Eine Begebenheit, die sich gegen Abend zutrug, erneuerte und vermehrte unsere wehmütige Freude. Der russische Kaufmann, mein Reisegefährte, hatte – wie ich zu erwähnen vergessen habe – schon in Moskau Nachricht von seiner Frau und Tochter zu erhalten gehofft. Er war ausgegangen, um einen Verwandten aufzusuchen und kehrte mit dem tiefsten Gram in seinem Gesichte zurück. »Ich habe mich so gefreut,« drückte er sich einfach und naiv aus, »aber nun hat mir Gott viel Betrübnis gegeben. Meine Frau und meine Tochter sind tot!« Er sprach dann nicht mehr davon – sprach nachher überhaupt sehr wenig, und oft sah ich ihn auf seinem Fuhrwerk still in den grauen Bart weinen. Bei unserer Ankunft in Petersburg blieb auch er mit mir in demselben Zimmer. Als meine Frau zu mir kam, saß er in einer Ecke und war ein stiller, seufzender Zeuge unseres Glückes. Den ganzen Tag unterbrach er unsere Freude mit keiner Silbe, sondern saß still und schaute vor sich nieder.

Jetzt, als es schon dämmerig geworden war, stürzte[249] plötzlich sein Kurier herein: »Jwan Semenowitsch! Deine Frau und Tochter sind hier!« Er fuhr wie aus einem schweren Traume in die Höhe – taumelte nach der Tür – und siehe, Weib und Kind lagen in seinen Armen! Es war eine Wiederholung meiner eigenen stummen Jubelszene.
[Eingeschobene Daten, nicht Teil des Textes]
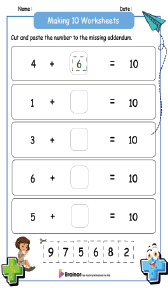 15 free making 10 worksheets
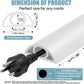 Floor Cord Cover Self Adhesive Cord Hider,10FT Cable Management, Extension Strip Protector for Wires, Prevent Cable Trips for Offices, Gyms, Exhibitions Cavity:0.3"(W) x 0.28"(H) White
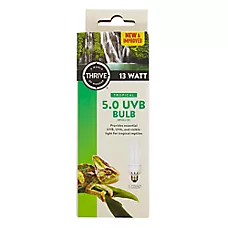 Thrive Tropical 5.0 UVB Bulb - Reptile UVB Lighting - 13-23W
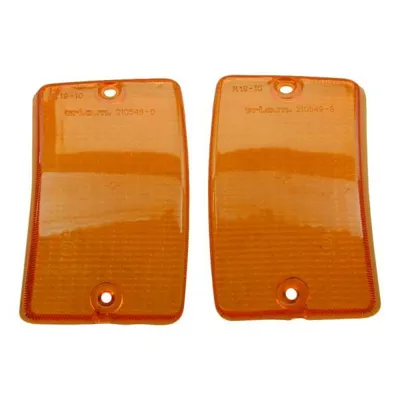 Immagine prodotto di Set lenti indicatori di direzione anteriori originali Piaggio per Vespa PK 50 XL XL2 , PK 125 XL XL2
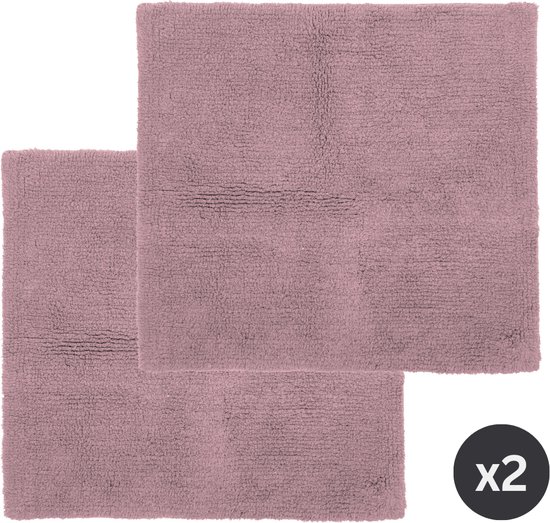 Douchemat, 80 x 80 cm, antislipmat met zuignappen met afvoergaten, Extra grote vierkante antislip douchemat, antislip voetmassagebadmat, voor douche, grijs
Sie wurde noch rührender durch die Länge der Zeit, die er von seiner Familie getrennt gewesen war. Seine Frau sah er zuletzt als ein schlankes, rasches Weib; als ein ziemlich dickes Mütterchen fand er sie wieder. Seine Tochter verließ er als ein Kind von acht Jahren; als ein schönes, blühendes Mädchen von sechzehn stand sie jetzt vor ihm. Lange konnte er sich nicht in sein Glück finden. Er nahm alle Augenblick das Licht und beleuchtete seine Tochter von allen Seiten. Bei dem freundlichsten Gesichte flossen ihm die Tränen immer in den langen Bart, und er konnte nichts weiter hervorbringen als ein oft wiederholtes staunendes Ach – Ach – Ach!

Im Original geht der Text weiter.